Provenance:
Oriental Gem Co., London, January 20, 1972
John C. and Susan L. Huntington Collection, Columbus, Ohio
Christie's, New York, September 28, 2022, no. 424
Published:
Susan L. Huntington, "The Agency of Images," The Oxford Handbook of Buddhist Practice, Oxford, 2022, p. 162. fig. 9.9
This rare gilt and polychrome lacquered clay sculpture shows the tathagata Ratnasambhava seated in dhyanasana with his hands displaying varada and dhyana mudras. He is wearing traditional monks robes with pleated undergarment cinched above his waist and outergarment draped over his left shoulder and finely stenciled in gold with stylized clouds and floral motifs. His expression is one of focused meditation. The blue-painted hair is surmounted by a spherical jewel (cintamani).

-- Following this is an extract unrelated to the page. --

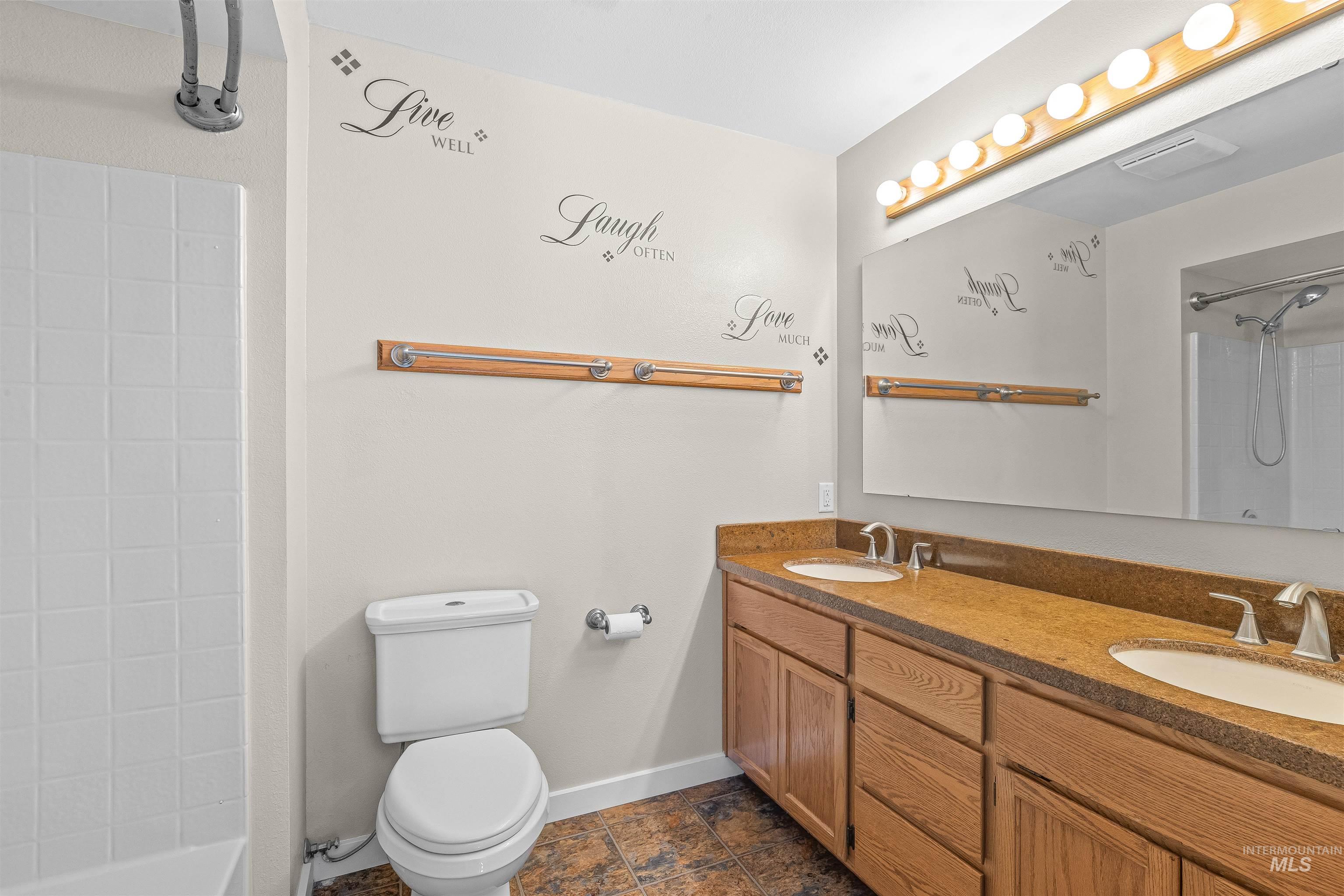 Full bath with double vanity and toilet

The sculpture is carried out in the style of the Qing imperial court, which flourished during a period of cultural interchange between China, Mongolia, and Tibet in the eighteenth century. In the pursuit of political support and legitimacy, the Qing dynasty propagated and heavily patronized Tibetan-style Buddhism. From the seventeenth through nineteenth centuries, Qing emperors took advantage of this devotion by lavishly patronizing Tibetan Buddhist activities in the capital of Beijing.
Although clay is not a well-known artistic medium in Tibetan art, it has always been an important sculptural material. Such sculptures were likely made with a core of straw wrapped around a wooden armature and applied with clay molding on the surface. An x-ray photograph of the statue reveals that the cavity within has been filled with rolled sutras, and a small votive tablet of Amitayus is attached to a pole representing the spine that runs through the center of the torso. The practice of making and depositing these relief sculptures, called tsa-tsa in Tibetan, has its roots in Indian Buddhist practice as is exemplified by the countless molded clay tablets found at Buddhist sites such as Nalanda in Northeastern India, as well as excavated from stupas.
Consecration of a statue is essential to its religious purpose. Through an elaborate ceremony, the statue is brought to life and imbued with the spiritual qualities of the deity it is representing. Compare the present figure with a gilt-lacquered figure of a Buddha sold at Christie’s, Hong Kong, March 22 and 23, 2018, no. 1041. Also compare the proportions and overall detailing on the present work with a large lacquered Medicine Buddha from the Gump collection sold at Christie’s, Hong Kong, May 29, 2019, no. 2707.